Exercise instructions: All of the entries must be reproduced exactly, with no images carried over.

Top of Data records

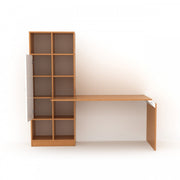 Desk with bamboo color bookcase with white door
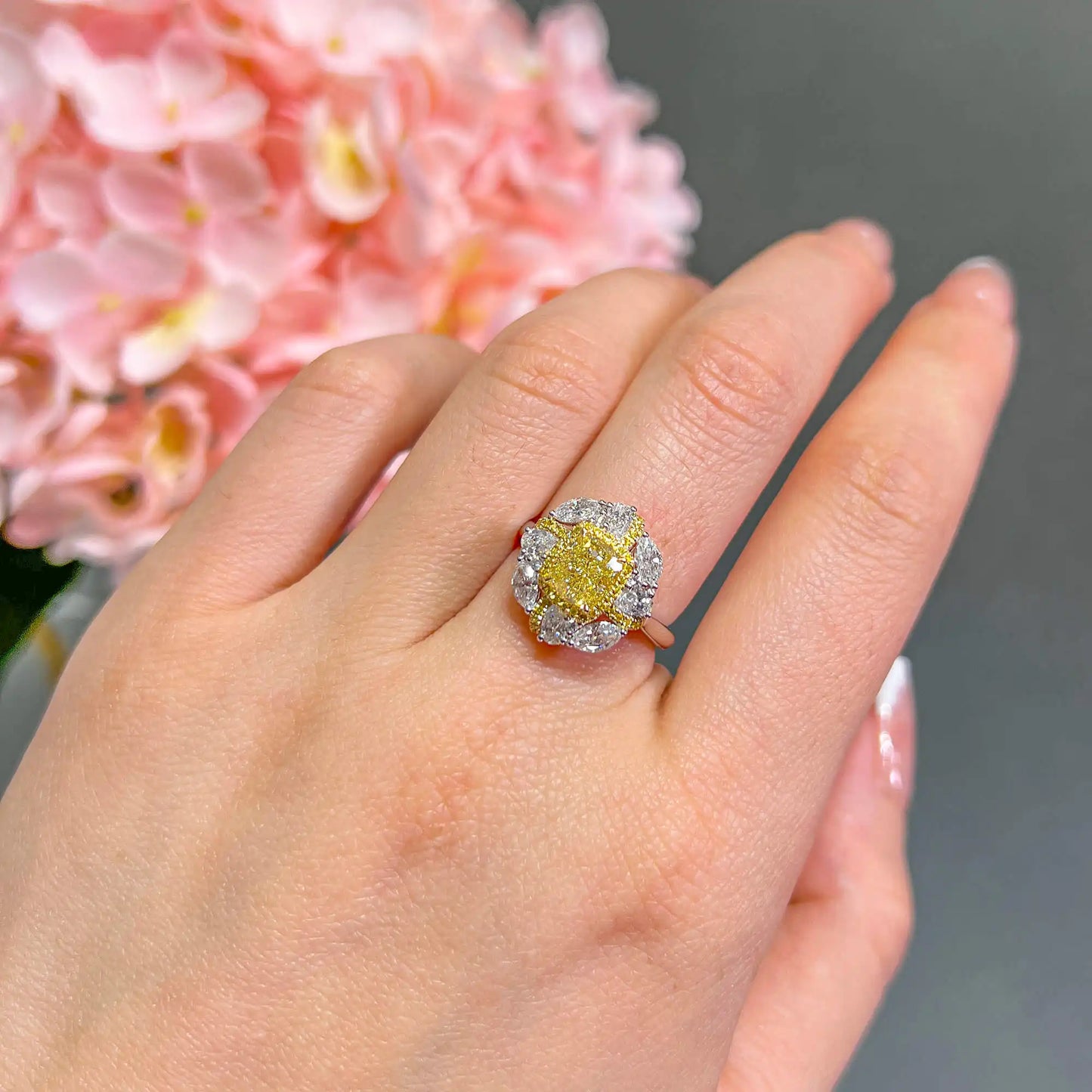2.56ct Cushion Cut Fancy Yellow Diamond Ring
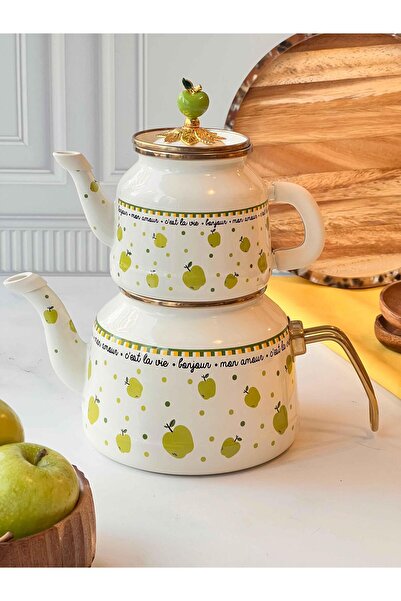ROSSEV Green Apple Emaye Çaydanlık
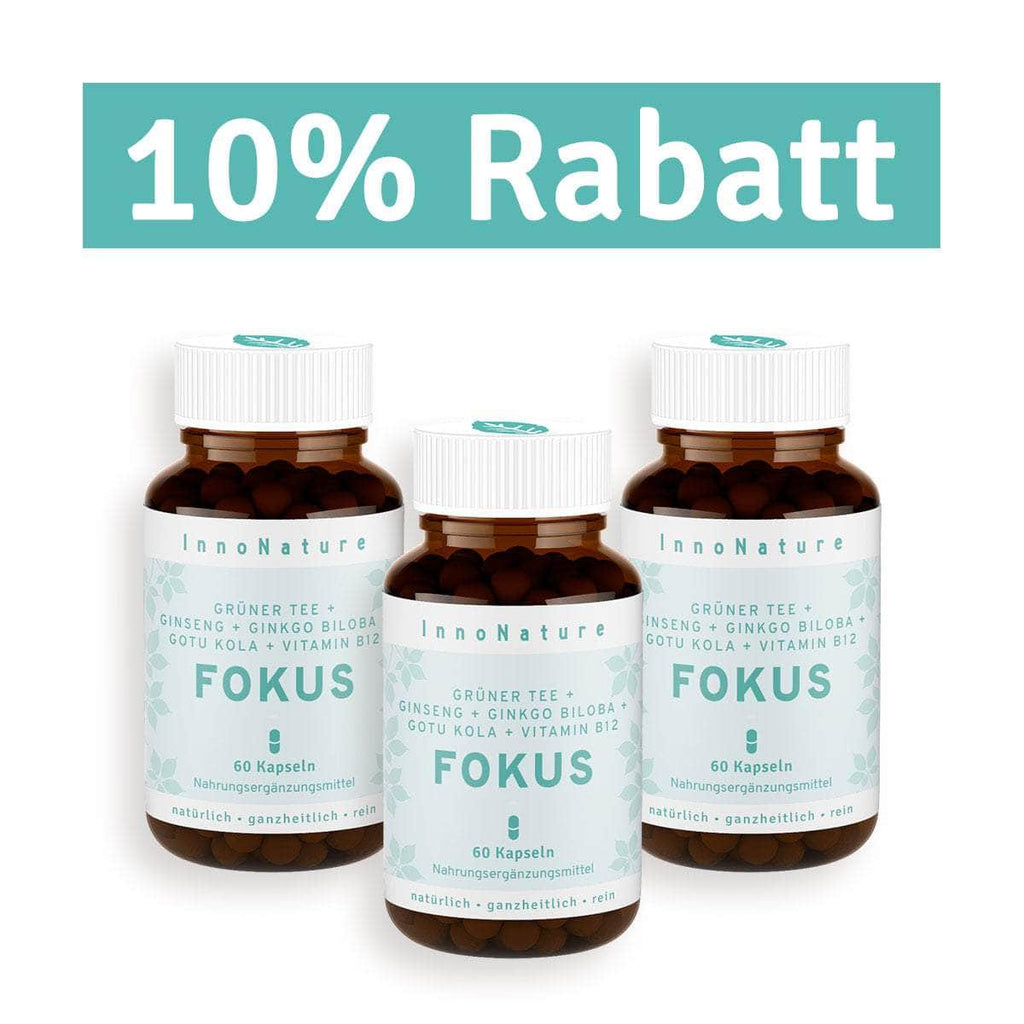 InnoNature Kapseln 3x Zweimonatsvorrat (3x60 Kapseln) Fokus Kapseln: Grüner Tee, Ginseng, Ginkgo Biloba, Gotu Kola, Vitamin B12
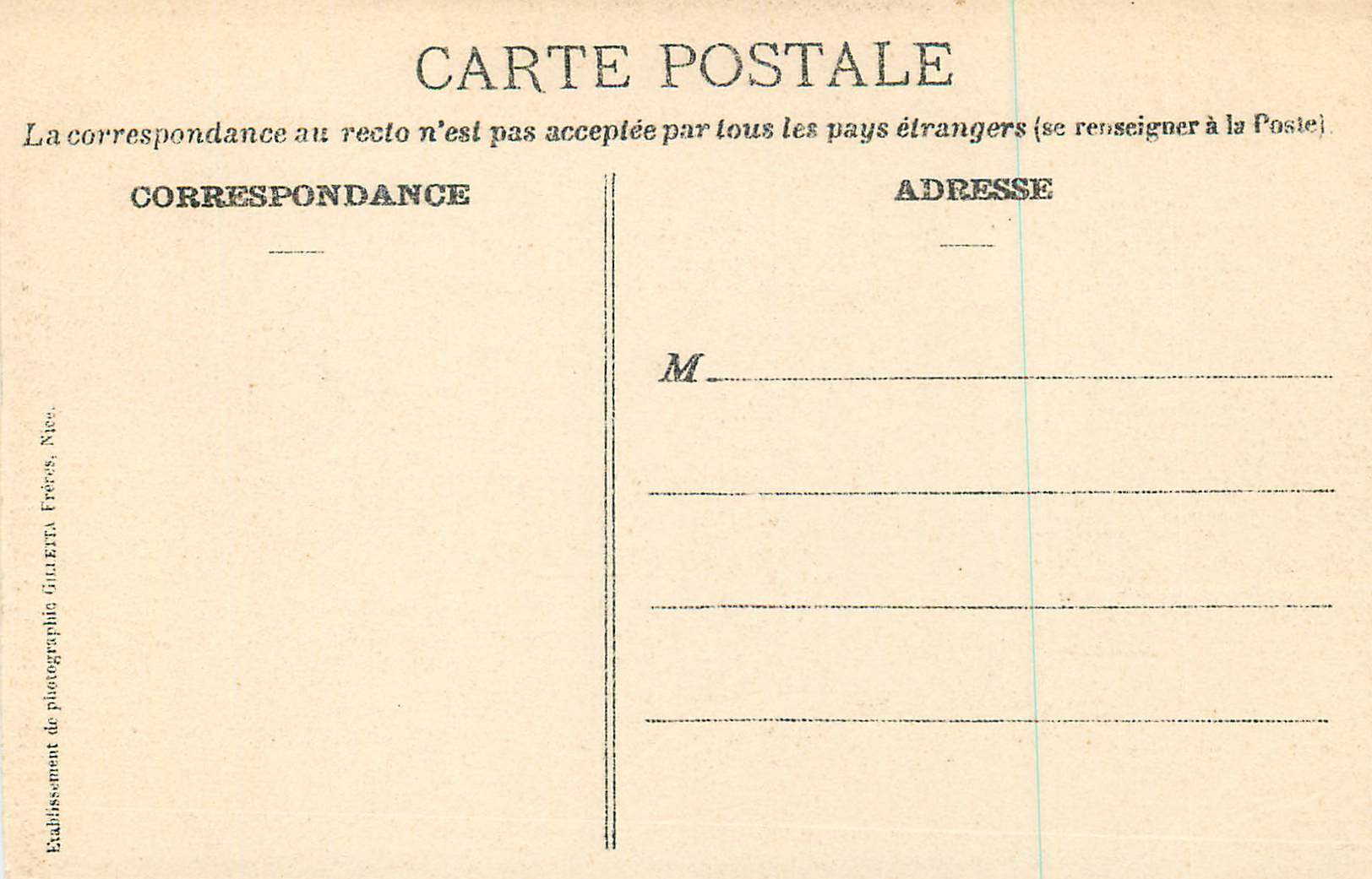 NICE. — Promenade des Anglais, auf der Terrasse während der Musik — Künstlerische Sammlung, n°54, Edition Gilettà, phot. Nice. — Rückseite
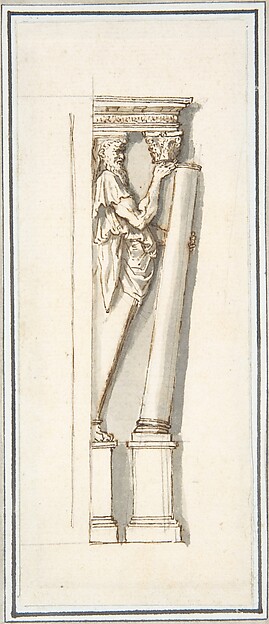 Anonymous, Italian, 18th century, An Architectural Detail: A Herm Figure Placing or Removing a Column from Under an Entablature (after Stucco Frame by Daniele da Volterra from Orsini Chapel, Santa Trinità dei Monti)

Bottom of Data records

Response to the exercise:
 Desk with bamboo color bookcase with white door
2.56ct Cushion Cut Fancy Yellow Diamond Ring
ROSSEV Green Apple Emaye Çaydanlık
 InnoNature Kapseln 3x Zweimonatsvorrat (3x60 Kapseln) Fokus Kapseln: Grüner Tee, Ginseng, Ginkgo Biloba, Gotu Kola, Vitamin B12
 NICE. — Promenade des Anglais, auf der Terrasse während der Musik — Künstlerische Sammlung, n°54, Edition Gilettà, phot. Nice. — Rückseite
 Anonymous, Italian, 18th century, An Architectural Detail: A Herm Figure Placing or Removing a Column from Under an Entablature (after Stucco Frame by Daniele da Volterra from Orsini Chapel, Santa Trinità dei Monti)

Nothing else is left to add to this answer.